**EXERCISE INSTRUCTIONS**
Transcribe the records underneath word for word, and leave no line out.

- Opening Delimiter -

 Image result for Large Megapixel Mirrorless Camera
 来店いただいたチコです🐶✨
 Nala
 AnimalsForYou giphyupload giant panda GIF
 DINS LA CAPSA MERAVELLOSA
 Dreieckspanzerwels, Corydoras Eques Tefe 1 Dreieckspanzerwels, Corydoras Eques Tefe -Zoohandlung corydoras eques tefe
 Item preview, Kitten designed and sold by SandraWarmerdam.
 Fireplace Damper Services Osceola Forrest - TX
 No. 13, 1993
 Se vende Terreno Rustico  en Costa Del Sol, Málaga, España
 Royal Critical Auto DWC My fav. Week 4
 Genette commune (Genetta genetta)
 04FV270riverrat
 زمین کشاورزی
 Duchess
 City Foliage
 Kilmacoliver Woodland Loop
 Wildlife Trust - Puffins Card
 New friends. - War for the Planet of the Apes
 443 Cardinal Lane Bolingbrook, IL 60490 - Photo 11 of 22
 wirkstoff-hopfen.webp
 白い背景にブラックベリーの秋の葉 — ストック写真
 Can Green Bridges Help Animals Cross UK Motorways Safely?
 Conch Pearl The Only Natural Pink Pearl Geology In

- Closing Delimiter -

**ANSWER BOX**
 Image result for Large Megapixel Mirrorless Camera
 来店いただいたチコです🐶✨
 Nala
 AnimalsForYou giphyupload giant panda GIF
 DINS LA CAPSA MERAVELLOSA
 Dreieckspanzerwels, Corydoras Eques Tefe 1 Dreieckspanzerwels, Corydoras Eques Tefe -Zoohandlung corydoras eques tefe
 Item preview, Kitten designed and sold by SandraWarmerdam.
 Fireplace Damper Services Osceola Forrest - TX
 No. 13, 1993
 Se vende Terreno Rustico  en Costa Del Sol, Málaga, España
 Royal Critical Auto DWC My fav. Week 4
 Genette commune (Genetta genetta)
 04FV270riverrat
 زمین کشاورزی
 Duchess
 City Foliage
 Kilmacoliver Woodland Loop
 Wildlife Trust - Puffins Card
 New friends. - War for the Planet of the Apes
 443 Cardinal Lane Bolingbrook, IL 60490 - Photo 11 of 22
 wirkstoff-hopfen.webp
 白い背景にブラックベリーの秋の葉 — ストック写真
 Can Green Bridges Help Animals Cross UK Motorways Safely?
 Conch Pearl The Only Natural Pink Pearl Geology In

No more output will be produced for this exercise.